My husband and I decided to try this recipe and fell in love! I did change a couple of things. I used rotisserie chicken instead of canned chicken (yuck) and I also added artichoke hearts which added a much needed slight bitterness to it. I didn't have poultry seasoning so I just looked up what it traditionally in it and I added a mixture of herbs that I did not measure but it came out tasting perfect!
Easy Chicken Pot Pie
Ready made pie crusts make this homestyle Chicken pot pie extra easy. A 10-ounce package of frozen oven-roasted diced chicken, thawed, and a 16-ounce package of frozen vegetables can be substituted for the canned chicken and vegetables.
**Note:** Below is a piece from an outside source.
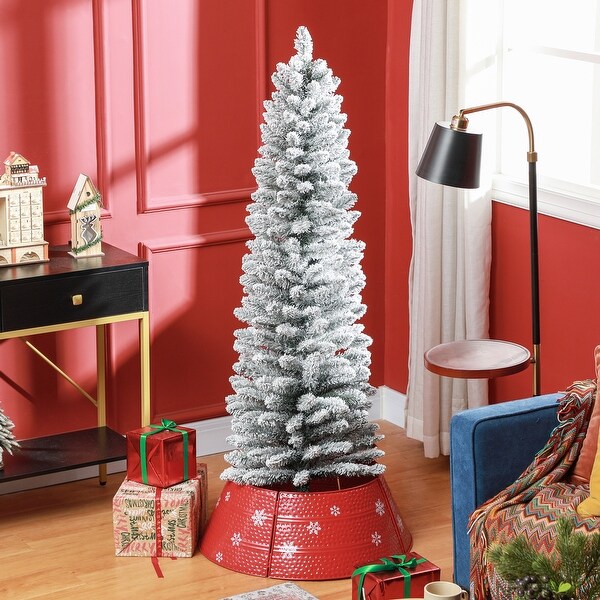 5ft Artificial Pencil Christmas Tree with Metal Base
- 2 (9-inch) refrigerated pie crusts
- 1 (6 3/4-oz.) can chicken, chopped
- 1 (16-oz.) can mixed vegetables, drained
- 1 (10 3/4-oz.) can cream of chicken soup
- 1/2 teaspoon celery flakes
- 1/4 teaspoon pepper
- 1/4 teaspoon poultry seasoning
- Fit one pie crust into a 9" pie plate. Combine chicken and remaining 5 ingredients in a bowl; pour into pie crust.
- Moisten edges of pie crust with water; top with remaining crust. Fold edges under and crimp; cut slits in top. Bake at 400° for 45 to 50 minutes; let stand 10 minutes before serving.